# Any advice on how I wean my koi babies off brine to flake?



## laurahmm (Apr 1, 2010)

Hi there, 

Was wondering if anyone had any tricks or advice on how to wean my baby koi's off baby brine and onto flake food? Their mouths are definitely big enough and there fins have elongated and they look like baby angels. I crush the flake food up really small but they just spit it out. Any advice? Thanks!

Laura


----------



## BillD (Jun 5, 2006)

I try and keep them on BBS till they are around a dime to nickel size, around 5 weeks. They will get used to it eventually, but their growth will be curtailed if you switch them too soon, in my experience.


----------



## Chris S (Dec 19, 2007)

Try feeding them both at the same time, mixing the flake or prepared food with the live food. Eventually, just cut back on the live food and increase the percentage of prepared.


----------



## Amazongypsy (Oct 21, 2010)

I usually start giving ground up thin flake around 4 weeks, depending on the size/strain of the fry. I give the flake for the first feeding(very small amount)when they are the hungriest and wait 15min then feed BBS. Once a few start eating it the others seem to catch on. By 5 weeks usually they are on the flake, but still get a good feed of BBS everyday. Blacks and dark marbles are smaller and take about an extra week.The flake I use for the babies is a starter/finichy eater flake from 'ultimate sponges' that contains krill and daphnia I believe. Be persistent, they will get it


----------



## laurahmm (Apr 1, 2010)

Hi Amazongypsy, 

Where do you get that food? For finicky eaters from Ultimate Sponges? I'm going to try to grab some and see if they will eat more of the crushed flake foods that I give them. I am feeding mostly baby brine but I dont want them to be conditioned to only eat live foods.

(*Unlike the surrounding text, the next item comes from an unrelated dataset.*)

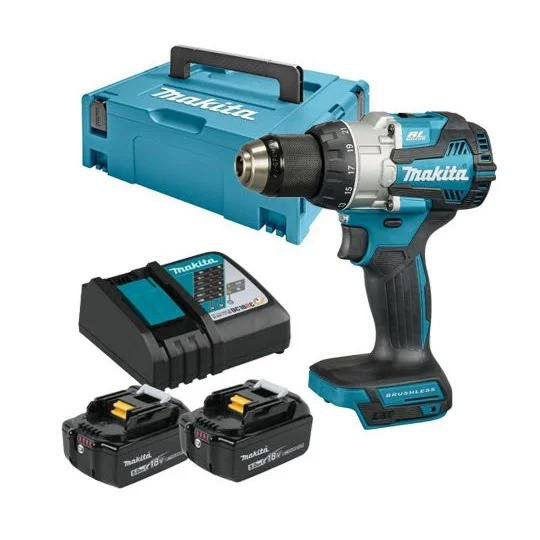 Makita Akum. wiertarko-wkrętarka LXT ® 73Nm 18V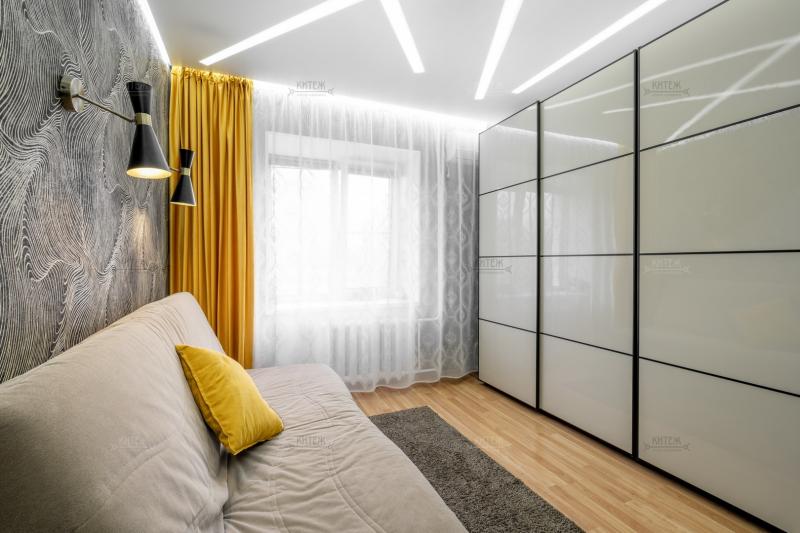 3-комнатная Квартира, 57 м2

Thanks for the advice everyone


----------



## Amazongypsy (Oct 21, 2010)

Here is a link to the site/page. http://business.accesscomm.ca/ultimatesponge/food/flake.html
Their sponge filters ROCK too!!

Sorry, it contains plankton, krill and spirulina-not daphnia I can send you a little to try if you like.
I use golden pearls sometimes 5-50 micron size for the tiny dark babies-they go from live BBS to GP then to flake.
Good luck, your koi are beautiful!


----------